SUPPLIED MATERIAL —
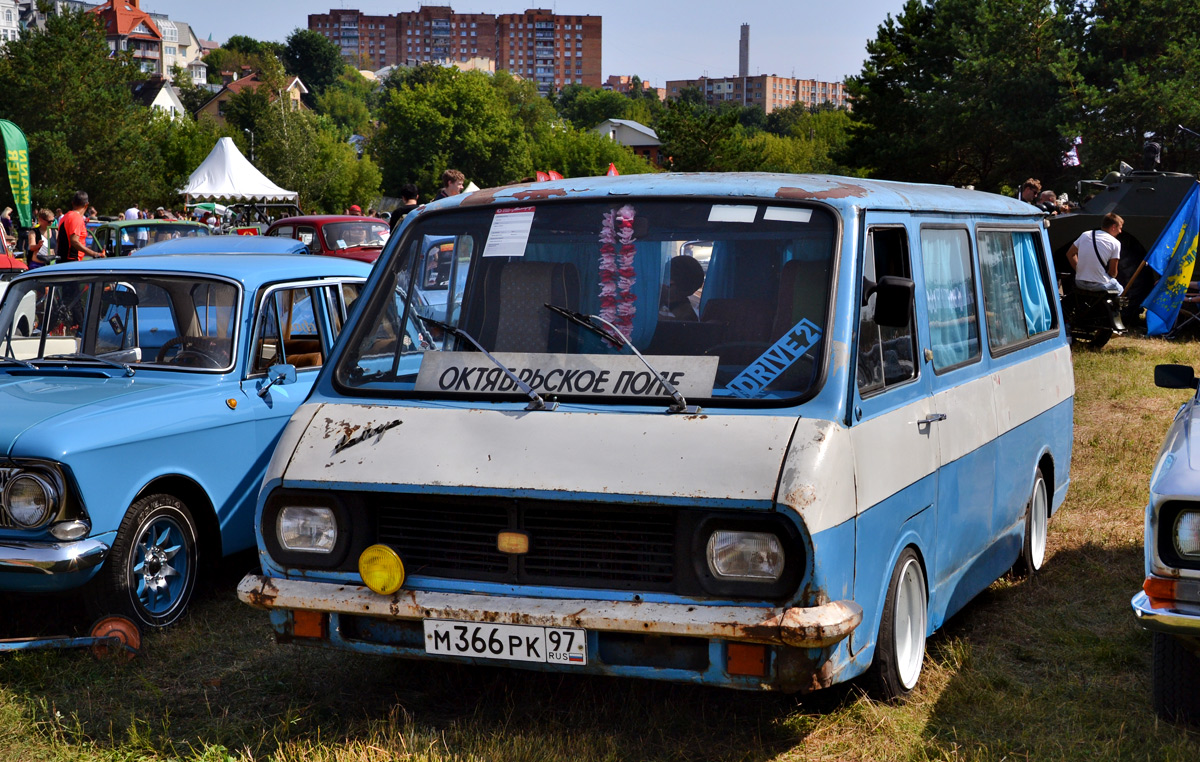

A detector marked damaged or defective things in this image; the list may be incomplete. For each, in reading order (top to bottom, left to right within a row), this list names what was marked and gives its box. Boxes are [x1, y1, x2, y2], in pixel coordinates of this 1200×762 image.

rust patch on body [777, 182, 864, 198]
rusty front bumper [238, 576, 868, 648]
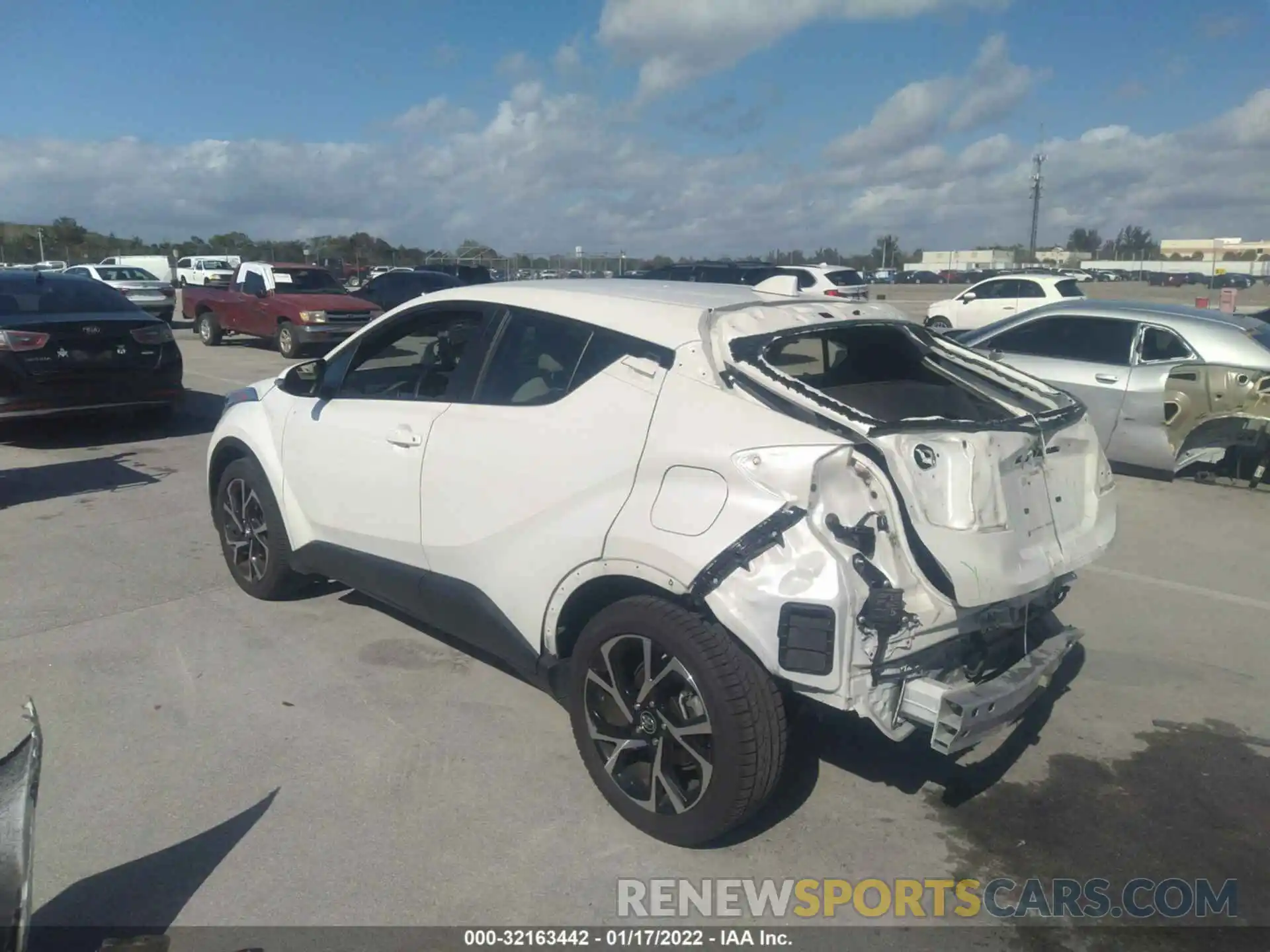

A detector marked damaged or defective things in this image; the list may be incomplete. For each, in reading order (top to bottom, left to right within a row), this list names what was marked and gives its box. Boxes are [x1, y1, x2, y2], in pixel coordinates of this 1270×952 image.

broken tail light [0, 331, 50, 354]
damaged white toyota c-hr [206, 279, 1111, 846]
cracked bumper cover [894, 629, 1080, 756]
crumpled rear bumper [894, 629, 1080, 756]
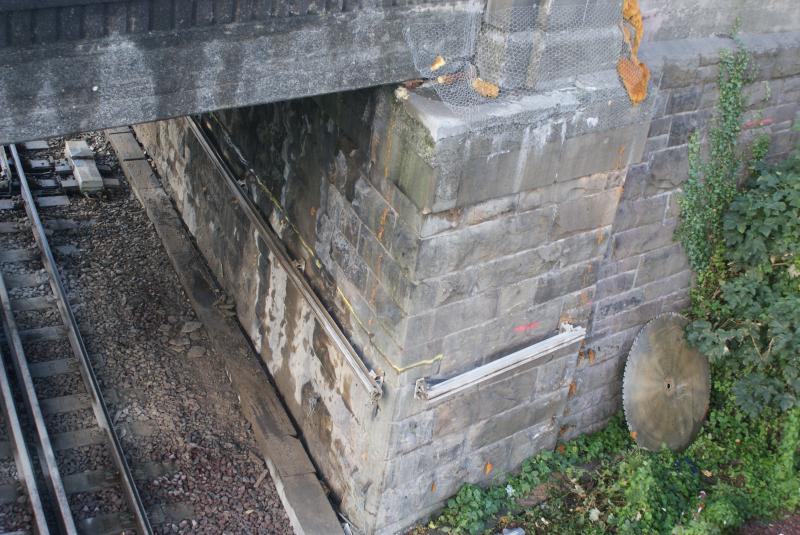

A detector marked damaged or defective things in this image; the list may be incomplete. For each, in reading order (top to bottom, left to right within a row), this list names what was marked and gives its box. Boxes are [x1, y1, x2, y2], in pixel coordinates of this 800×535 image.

rusty saw blade [620, 314, 708, 452]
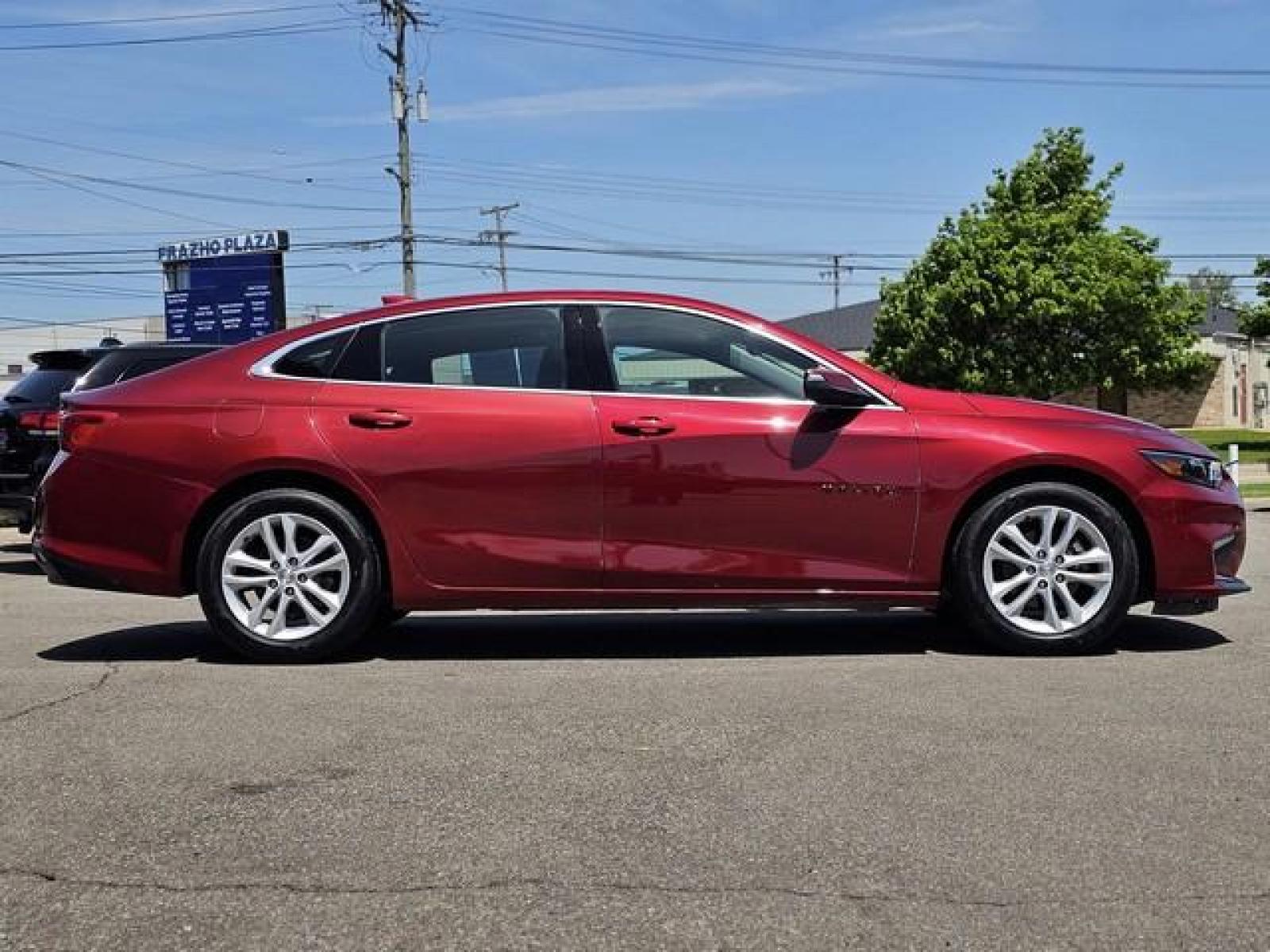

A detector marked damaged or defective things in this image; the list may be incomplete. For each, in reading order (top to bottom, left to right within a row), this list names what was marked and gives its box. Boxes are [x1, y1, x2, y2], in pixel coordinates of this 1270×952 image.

crack in pavement [0, 665, 119, 726]
crack in pavement [0, 873, 1264, 908]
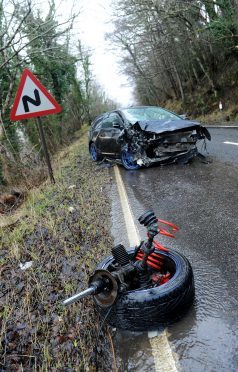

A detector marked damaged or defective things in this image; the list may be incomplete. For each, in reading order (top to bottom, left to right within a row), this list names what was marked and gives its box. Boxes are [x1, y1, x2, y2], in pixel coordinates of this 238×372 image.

damaged black car [89, 106, 210, 170]
crash damage [118, 120, 210, 166]
detached tire [95, 248, 195, 330]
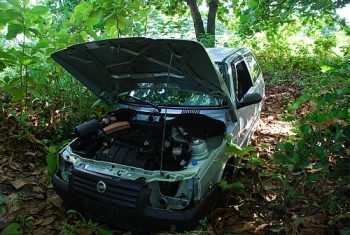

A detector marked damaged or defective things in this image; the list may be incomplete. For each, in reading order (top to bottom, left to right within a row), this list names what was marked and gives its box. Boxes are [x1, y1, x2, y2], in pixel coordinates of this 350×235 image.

wrecked silver car [52, 37, 264, 230]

TASK REQUIREMENTS —
Exact reproduction is required for the lines from the one containing "this 238×372 image." through the end of the material, and for those lines only, without pictures.

ANSWER BOX —
A detector marked damaged or defective things in this image; the list may be incomplete. For each, in reading order (top to bottom, left to right within a row), this list names what was marked and gives its box. Boxes are [x1, y1, x2, y2], in pixel coordinates of this 238×372 image.

damaged black car [89, 106, 210, 170]
crash damage [118, 120, 210, 166]
detached tire [95, 248, 195, 330]

A detector marked damaged or defective things in this image; the list may be incomplete. For each, in reading order (top to bottom, left to right within a row), this list names what was marked and gives its box. Boxes are [x1, y1, x2, y2], in pixel coordinates of this 350×235 image.

wrecked silver car [52, 37, 264, 230]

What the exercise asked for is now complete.